Class TextPatternTagger

  • All Implemented Interfaces:
    IXMLConfigurable, IImporterHandler, IDocumentTagger

    @Deprecated
    public class TextPatternTagger
    extends AbstractStringTagger
    implements IXMLConfigurable
    Deprecated.
    Since 3.0.0, use RegexTagger.

    Extracts and add all text values matching the regular expression provided in to a field provided explicitly, or also matching a regular expression. The target field is considered a multi-value field.

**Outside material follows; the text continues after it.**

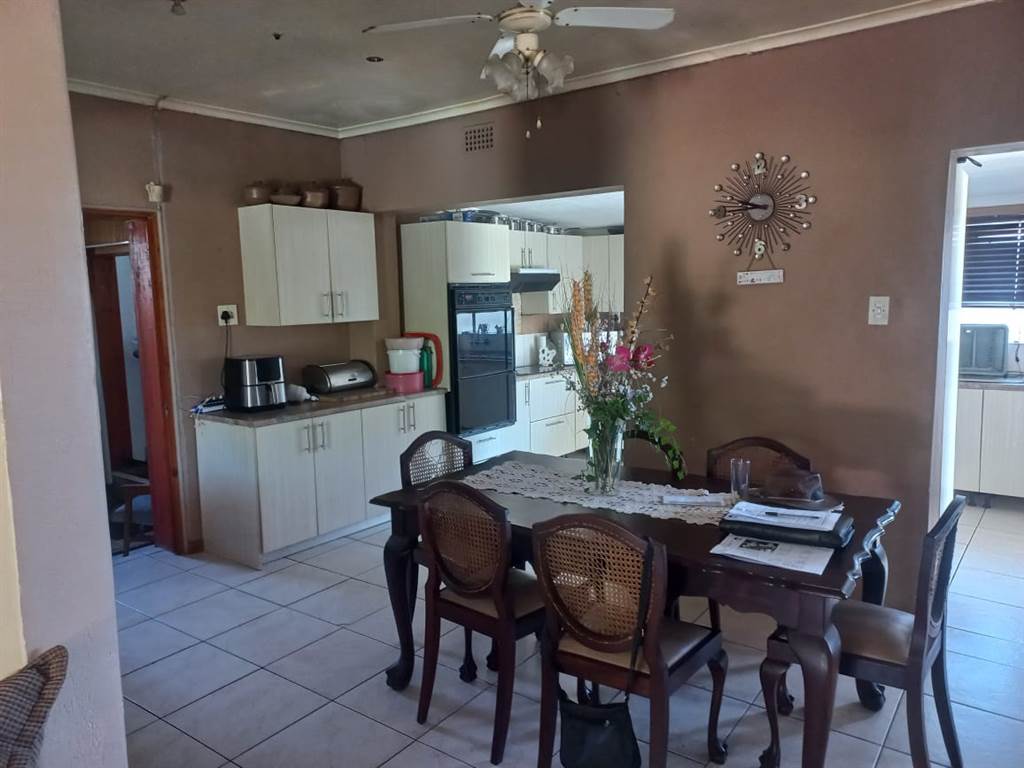 5 Bed House in Parow photo number 2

    It is possible to extract both the field names and their values with regular expression. This is done by using match groups in your regular expressions (parenthesis). For each pattern you define, you can specify which match group hold the field name and which one holds the value. Specifying a field match group is optional if a field is provided. If no match groups are specified, a field is expected.

    Storing values in an existing field

    If a target field with the same name already exists for a document, values will be added to the end of the existing value list. It is possible to change this default behavior by supplying a PropertySetter.

    This class can be used as a pre-parsing handler on text documents only or a post-parsing handler.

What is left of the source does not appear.